DATA FOR THIS EXERCISE Start Marker
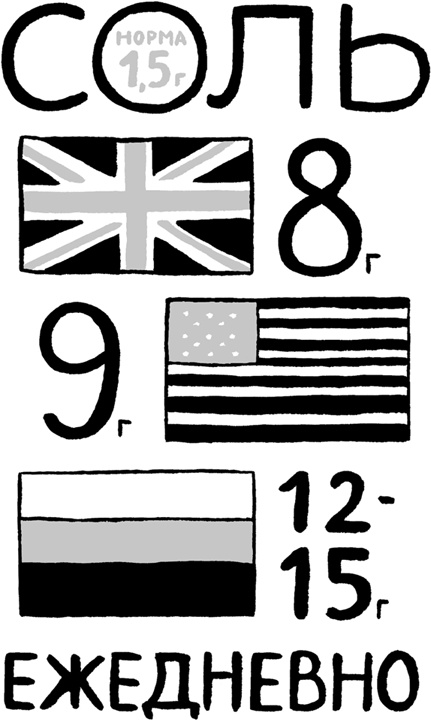 Иллюстрация к книге — Еда живая и мертвая. 5 принципов здорового питания [i_022.jpg]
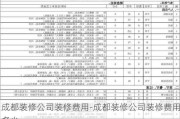 成都裝修公司裝修費(fèi)用-成都裝修公司裝修費(fèi)用多少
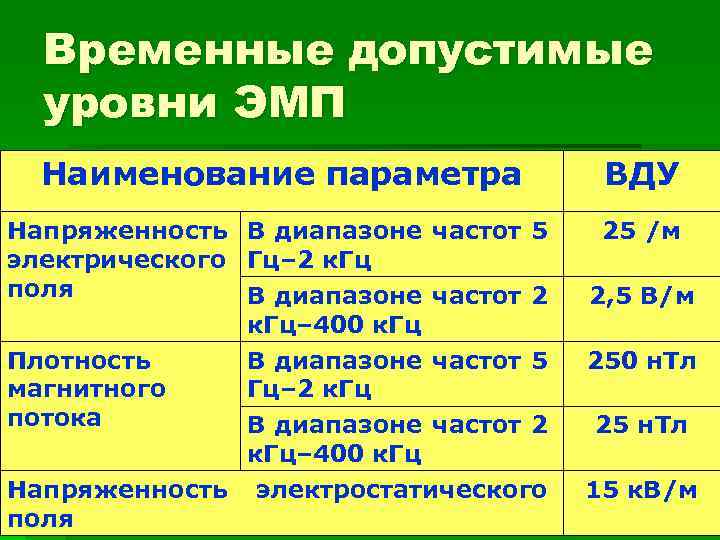 Временные допустимые уровни ЭМП Наименование параметра Напряженность В диапазоне электрического Гц– 2 к. Гц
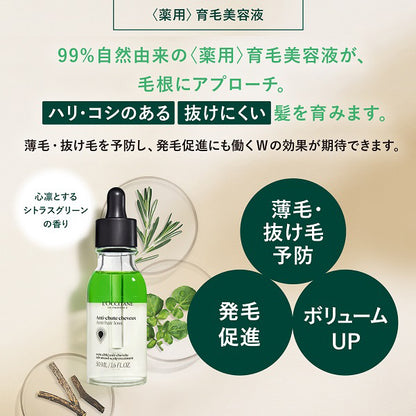 Medicated Medical Anti-Hair Loss Serum, 50ml, Citrus Green Scent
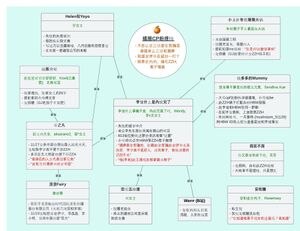 CPF Character Map.jpg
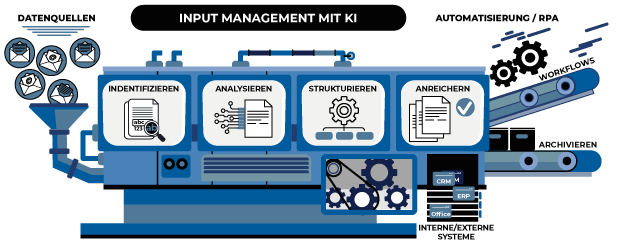 blog_image_input_management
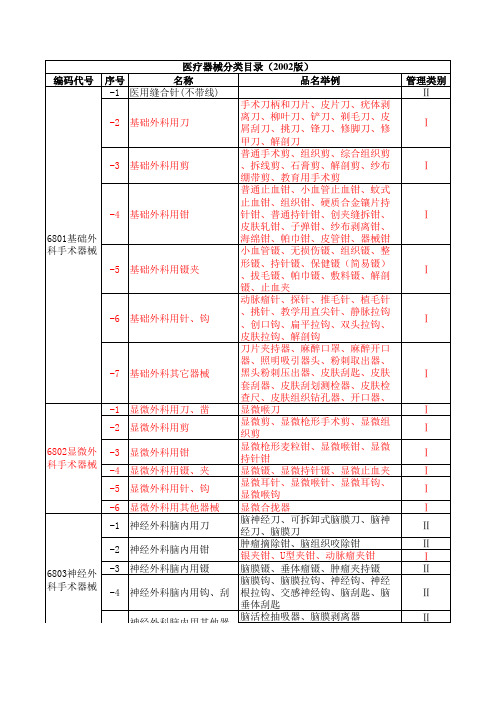 医疗器械分类界定汇总表2014.12.02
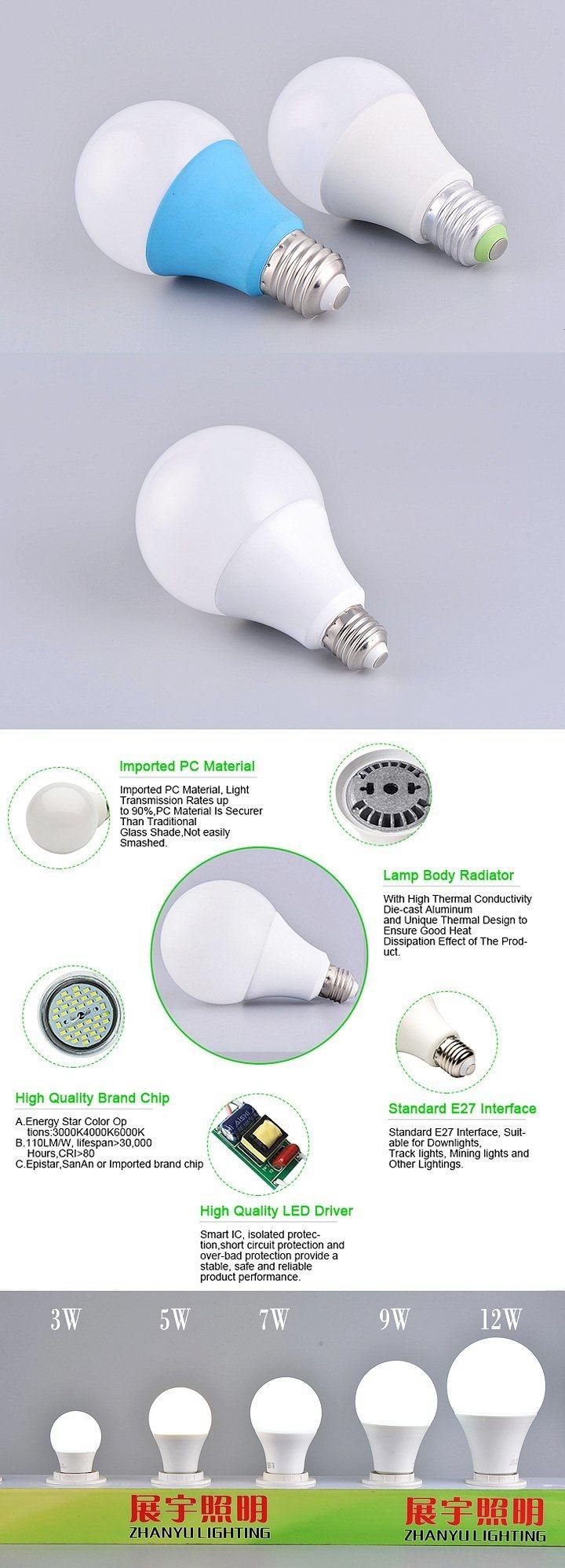 South American Hot Sell 12W LED Spot Lamp Bulb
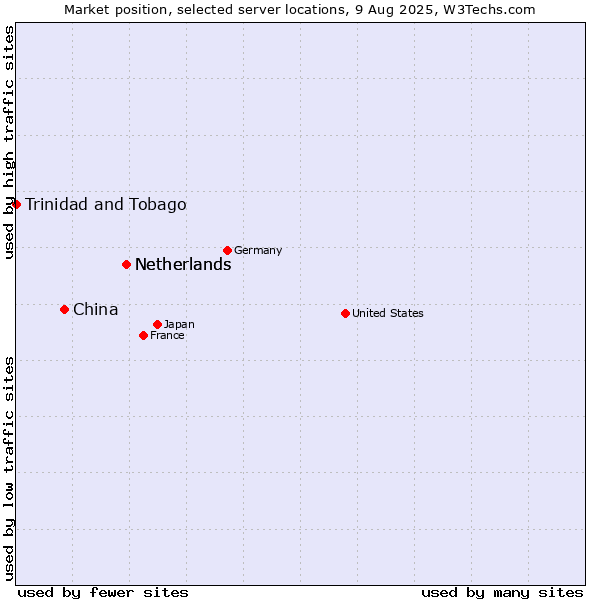 Market position of Netherlands vs. China vs. Trinidad and Tobago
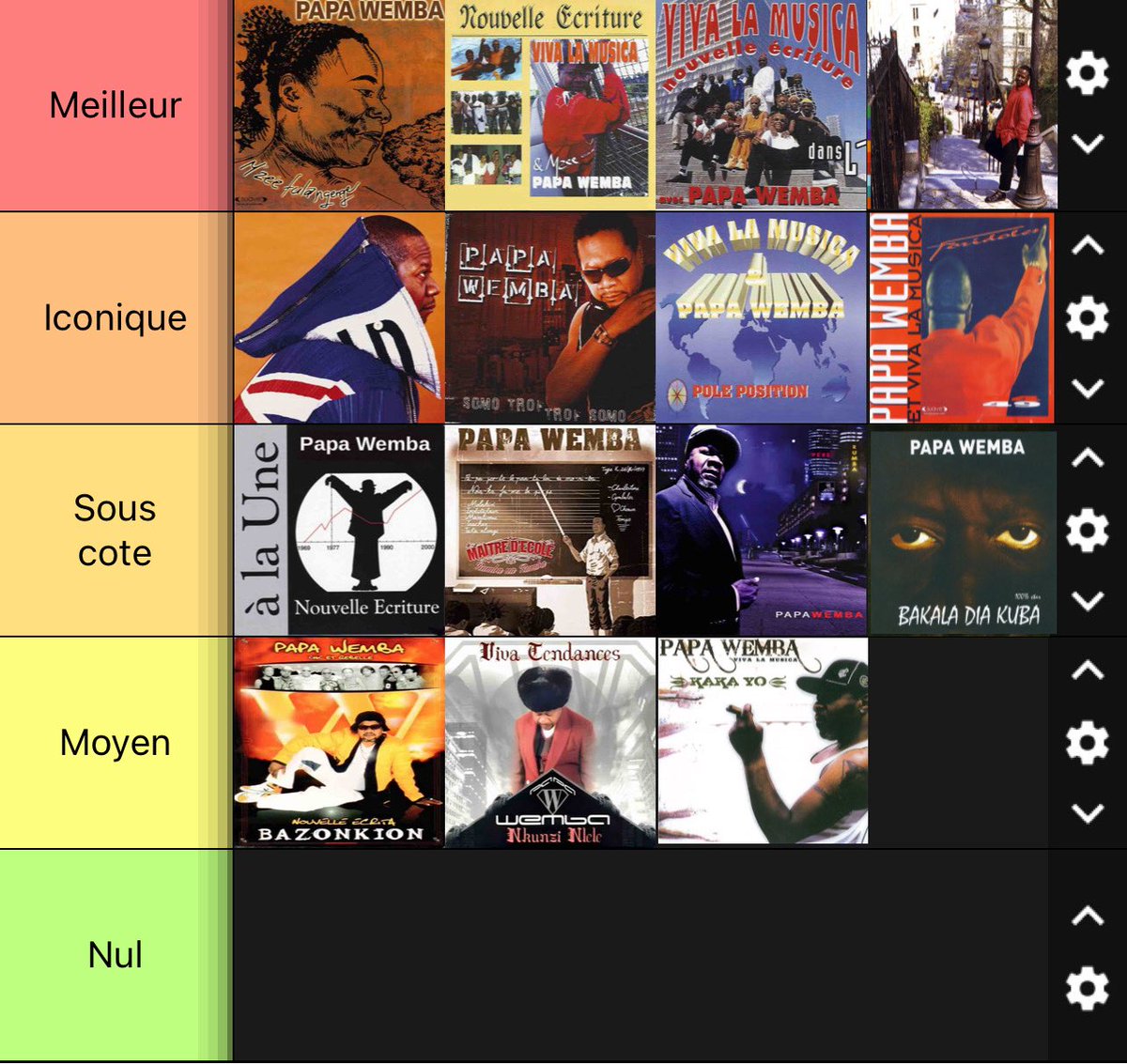 Venziano007's tweet photo. Papa wemba album tierlist is my opinion once again Somo trop is iconic because of the Legendary nkila mogrosso https://t.co/IvMIKhgnkm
DATA FOR THIS EXERCISE End Marker
INSTRUCTIONS TO FOLLOW
From the line that contains "South American Hot" through the last line of the entries, transcribe every line exactly, leaving out the pictures.

REPLY TO THE TASK
 South American Hot Sell 12W LED Spot Lamp Bulb
 Market position of Netherlands vs. China vs. Trinidad and Tobago
 Venziano007's tweet photo. Papa wemba album tierlist is my opinion once again Somo trop is iconic because of the Legendary nkila mogrosso https://t.co/IvMIKhgnkm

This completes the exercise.